Radni klubu Platforma Obywatelska: Michał Czepek, Maciej Glamowski, Mariusz Żebrowski i Szymon Gurbin zorganizowali w marinie konferencję prasową. Była to ich odpowiedź na apel części radnych Prawa i Sprawiedliwości do wojewody o wprowadzenie w naszym mieście tzw. zarządu komisarycznego. Powodem jest, oczywiście, fatalna sytuacja finansowa szpitala, która bardzo mocno rzutuje na kasę samorządu.
- Wprowadzenie komisarza nie rozwiązuje problemów Grudziądza i szpitala.
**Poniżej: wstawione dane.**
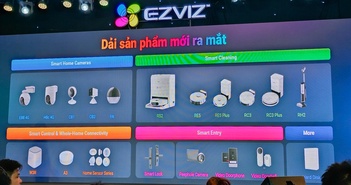 Cùng với nhiều thiết bị quản lý Smarthome khác, EZVIZ đã công bố một loạt sản phẩm hoàn toàn mới, bao gồm camera giám sát tích hợp 4G, máy hút bụi tự động, cây lau nhà thông minh và các sản phẩm khác.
To nie jest tak, że komisarz przyjedzie do Grudziądza z walizkami pełnymi pieniędzy albo wjedzie na peron dworca złotym pociągiem - powiedział radny Maciej Glamowski.
I dodał, że komisarz jednoosobowo podejmowałby wszystkie decyzje, bez konsultacji z mieszkańcami. - Jego celem jest tylko administrowanie miastem, a nie jego rozwój - mówił Maciej Glamowski.
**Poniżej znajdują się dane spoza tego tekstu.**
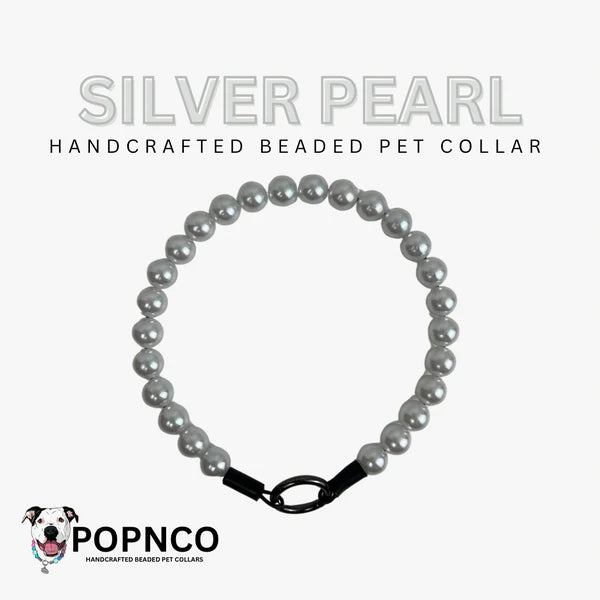 POPNCO Handcrafted Beaded Pet Collars - 16" Collars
Mariusz Żebrowski wtórował: - Komisarzem może zostać każdy. Nie mamy żadnej gwarancji, że nie będzie to sołtys z Podlasia.
Prawo i Sprawiedliwość w Grudziądzu nie jest jednomyślne. Iskrzy między jego członkami
Miasto jeszcze działa
Zgodnie z prawem zarząd komisaryczny na okres do 2 lat może wprowadzić premier. Taka decyzja oznacza zawieszenie działalności rady miejskiej i prezydenta. Przepisy dotyczące samorządu stanowią, że powodem wprowadzenia komisarza jest „przedłużający się brak skuteczności w wykonywaniu zadań publicznych przez organy”.
Radni PO stoją na stanowisku, że nie ma obecnie przesłanek do tego, aby Grudziądzem miał zacząć rządzić komisarzem.
- Jedynym beneficjentem zarządu komisarycznego będzie PiS - podkreślił Szymon Gurbin.
Kto odpowie?
Przypomnijmy dla porządku: szpital ma dług, który wynosi ok. 500 mln zł, z tego powodu przynosi ogromne straty, które obciążają samorząd. Miasto przestaje finansowo to wytrzymywać - konieczne są cięcia wydatków bieżących i inwestycyjnych. Jak na razie z tego powodu konsekwencje personalne ponieśli jedynie były dyrektor szpitala Marek Nowak i jego zastępca ds. ekonomicznych.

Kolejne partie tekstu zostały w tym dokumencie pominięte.